Navigating a campus can be especially tricky because there are fewer traditional streets and other cues a GPS program could detect to give navigation.

So Linos, who began teaching at Butler in 2000, started thinking of ways to help blind and other seriously visually impaired individuals.

In 2015, he met with officials from the Indiana School for the Blind and Visually Impaired to gauge the need for a navigation system that goes beyond the capabilities of commercially available systems mostly used by people with sight.

Blind students there and at other campuses often have to be accompanied by a person with sight until they build a map of their route in their mind.

“What we found is that there’s a real need to help people with visual impairments to get from place to place on their campus,” Linos said.

With the help of a cadre of Butler students, Linos in 2018 released GuideDawg 1.0, a custom app to help students and staff with visual impairments navigate the campus of the local school for the blind.

GuideDawg has some unique features typical GPS navigation systems don’t have.
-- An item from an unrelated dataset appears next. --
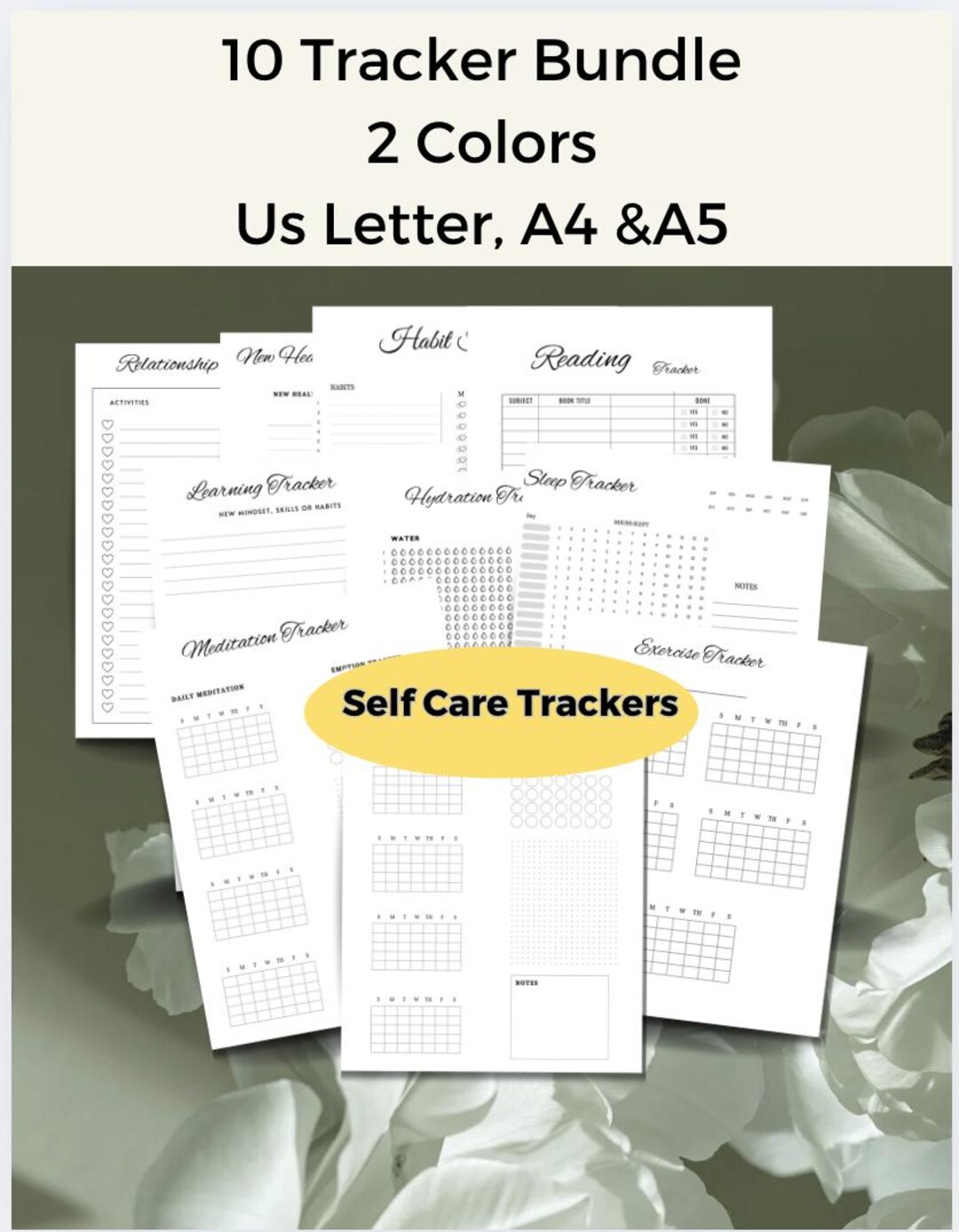 Self Care Habit Tracker Bundle: Mental Wellness Journal, - Etsy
The app tells people how many steps it is between places or before a change in direction is needed. It also alerts them to obstacles—even temporary ones that crop up unexpectedly. The app also uses audio cues to give people directions. For instance, the sound of an HVAC unit, a water fountain or an elevator can be used as cues to give directions.

After piloting the app at the local school for the blind, Linos sought to expand its reach.
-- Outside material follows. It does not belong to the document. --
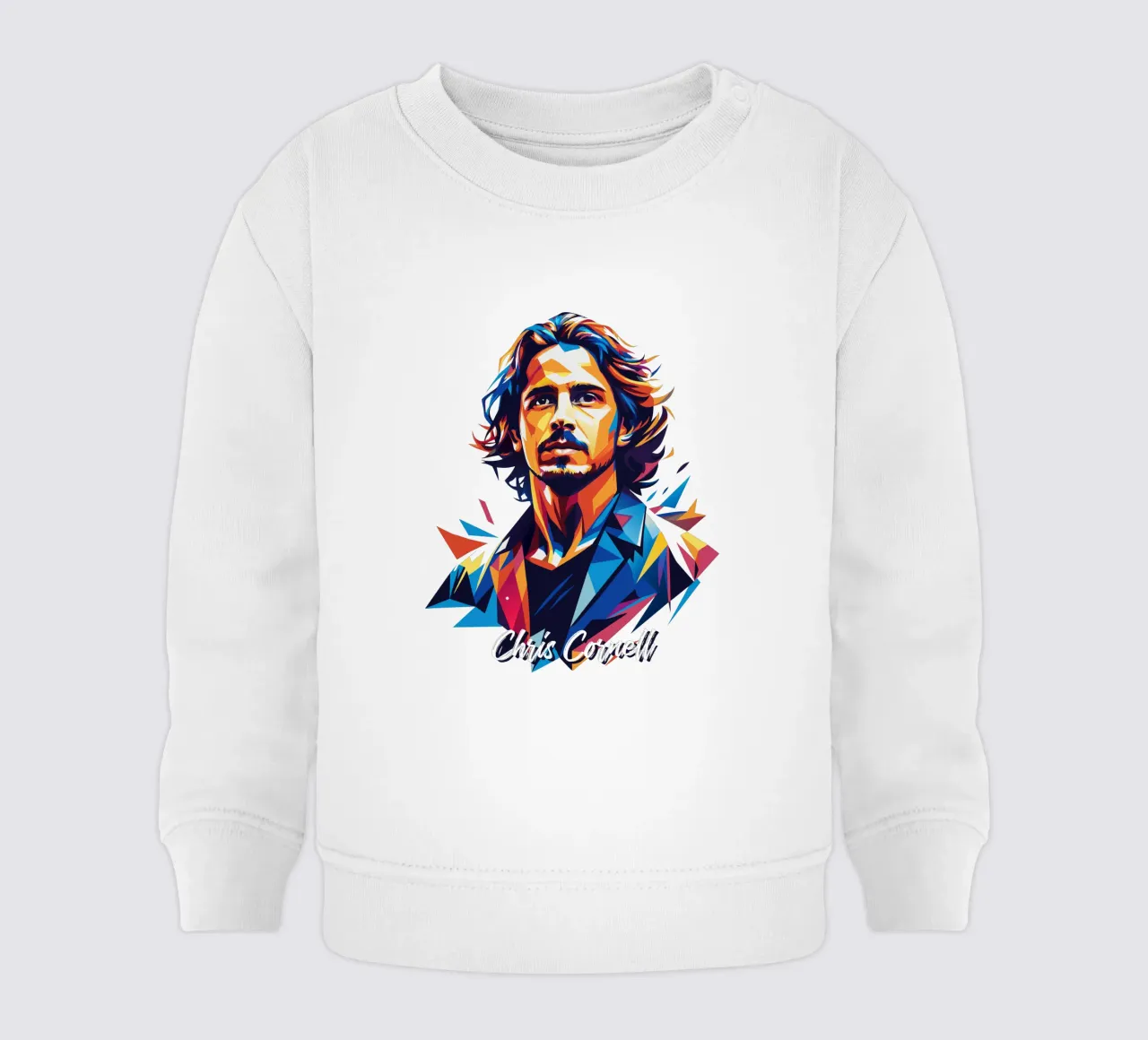 Chris Cornell Portrait in WPAP Pop Art baby sweatshirt by vectorartnesia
This fall, Linos and Butler students went to work on GuideDawg 2.0, an app that works on iPhones (like GuideDawg 1.0) but also on Android devices. “We migrated from Apple to Microsoft to make this more [device] agnostic,” he explained.

GuideDawg 2.0 is being custom designed for the Butler campus. The app, Linos said, could be used by students and staff at the university as well as visually impaired visitors.

GuideDawg 2.0 will be designed to better warn users about construction sites and other hazardous areas, Linos said. The team will deploy iBeacons—low-energy Bluetooth devices—at various sites around campus. Those devices will push out signals picked up by the GuideDawg app that will warn users of obstacles and hazards.

Linos hopes to have the new app done by the summer of 2020.

“The bigger campus that we’re working on creates more challenges for us, and we’re still working on expanding the voice-to-text and text-to-voice technology,” Linos said.

The GuideDawg 1.0 project was funded through a $19,000 grant from the President’s Innovation Fund started by Butler President James Danko. Linos has raised $1,000 for the development of GuideDawg 2.0 and he said fundraising continues.

“Butler is using this app to help fulfill its mission of inclusion and diversity,” Linos said.

He said the app could be adopted by other schools with campus settings and could have wider applications.

“We’re not there yet,” Linos said. “For now, we’re focused on the students of Butler. But yes, I think this could certainly be used on other campuses, and it could be a big help.”